Through all of this, I have decided to retire from showing as well. I chose to step down from the glamorous show world to instead pursue a full time roll being a devoted horse mama. In this industry it’s normal for riders to replace their horses should they ever need to retire, but I’m not there yet, and I don’t know if I ever will be. Especially with starting a family in our near future, the timing couldn’t be better. Not everyone supported my decision to retire him from jumping at such a young and promising age, but at what cost is a silly ribbon actually worth it? Sure, I could inject the area and see how long it lasts. I could even have a procedure I had never heard of known as a “neurectomy” performed that would deaden the nerves in his foot in hopes he’d last a few more shows before irreparable damage would occur. But for what? A few more ribbons? Zini was otherwise sound and healthy, and if I could ensure that he would stay that way why wouldn’t I? It felt like the day Zini’s jumping career ended, mine did too in some way. He was my partner, my teammate, and grieving that loss was incredibly hard. And we went through it together. But through these life changes it has made me take a step back and remember why I even started a career in this sport in the first place, my love for the horses. How many girls get to say they own not one, but two heart horses in their lifetime? I do! And I don’t know what I did to deserve them, but I make sure to spend my days living up to just how grateful I am to have them in my life. Whether I’m taking them out on a hand walk to enjoy a few extra nibbles of grass, or putting in some elbow grease with a curry comb to make them shine. Loving on Missy & Zini is such a blessing in itself, and I never want to lose sight of that. The fact I still get to saddle up and enjoy a good flat with Zini is more than I expected, yet another blessing. But what I want you all to take away is that horsemanship is just as rewarding as winning a big jumper class. So whether I’m teaching them a new trick like “bowing” or “kissing”, or getting their dapples to shine with thorough grooming, I find pleasure in those rewards more than I ever did taking home a ribbon.
So what’s in store for our future? Well, I am happy to announce my husband and I were fortunate enough to purchase a piece of land. And not just any land, it’s the land of all other dreams. This piece of grass will soon be the foundation of our future entirely. It is here that we will build our dream home and barn. What’s a dream home you ask? It will be our forever home, where we will someday raise babies of our own and hopefully have the opportunity of getting to grow old and gray together.

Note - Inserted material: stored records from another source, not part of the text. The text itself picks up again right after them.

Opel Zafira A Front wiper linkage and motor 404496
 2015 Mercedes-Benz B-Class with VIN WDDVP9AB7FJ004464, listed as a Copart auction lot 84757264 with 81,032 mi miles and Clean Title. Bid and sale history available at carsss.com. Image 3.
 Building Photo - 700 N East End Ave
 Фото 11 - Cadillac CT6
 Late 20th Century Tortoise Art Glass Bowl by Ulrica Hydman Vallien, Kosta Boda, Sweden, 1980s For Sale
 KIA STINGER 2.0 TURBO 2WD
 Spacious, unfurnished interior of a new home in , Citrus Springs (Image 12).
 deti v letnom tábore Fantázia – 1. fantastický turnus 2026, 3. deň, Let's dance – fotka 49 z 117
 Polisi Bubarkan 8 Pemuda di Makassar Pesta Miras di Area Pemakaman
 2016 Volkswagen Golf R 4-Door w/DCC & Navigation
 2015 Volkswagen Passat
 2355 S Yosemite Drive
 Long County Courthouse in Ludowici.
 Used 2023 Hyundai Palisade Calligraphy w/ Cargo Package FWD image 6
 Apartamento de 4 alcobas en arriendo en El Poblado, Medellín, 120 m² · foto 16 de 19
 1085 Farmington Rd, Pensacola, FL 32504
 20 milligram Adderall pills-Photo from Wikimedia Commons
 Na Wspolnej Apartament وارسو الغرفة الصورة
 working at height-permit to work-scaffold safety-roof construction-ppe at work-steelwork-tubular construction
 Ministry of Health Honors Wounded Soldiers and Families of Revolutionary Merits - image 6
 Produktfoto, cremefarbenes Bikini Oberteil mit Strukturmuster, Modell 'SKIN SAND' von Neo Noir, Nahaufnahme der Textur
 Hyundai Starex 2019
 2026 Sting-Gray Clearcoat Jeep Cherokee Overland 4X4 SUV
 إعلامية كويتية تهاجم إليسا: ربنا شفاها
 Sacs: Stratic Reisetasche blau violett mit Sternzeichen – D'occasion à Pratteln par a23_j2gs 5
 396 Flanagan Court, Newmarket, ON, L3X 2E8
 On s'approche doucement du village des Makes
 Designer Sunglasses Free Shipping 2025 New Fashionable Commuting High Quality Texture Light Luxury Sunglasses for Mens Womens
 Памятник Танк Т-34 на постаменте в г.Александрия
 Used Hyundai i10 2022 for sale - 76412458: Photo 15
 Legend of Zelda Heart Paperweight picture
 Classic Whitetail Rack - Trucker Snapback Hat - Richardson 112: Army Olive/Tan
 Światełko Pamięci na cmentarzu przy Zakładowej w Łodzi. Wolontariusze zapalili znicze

But we made sure to keep our four legged babies in mind as well, making sure this land was large enough to have a private barn built right beside our house. This way our entire family can be together, two legged and four. I’ll be able to care for my horses and give them the best life possible till they earn their wings in heaven. But until then, they’ll be getting fed carrots from my kitchen window, plenty of spoiling, and maybe someday they will be the “school masters” that leave hoof prints on my own children’s hearts.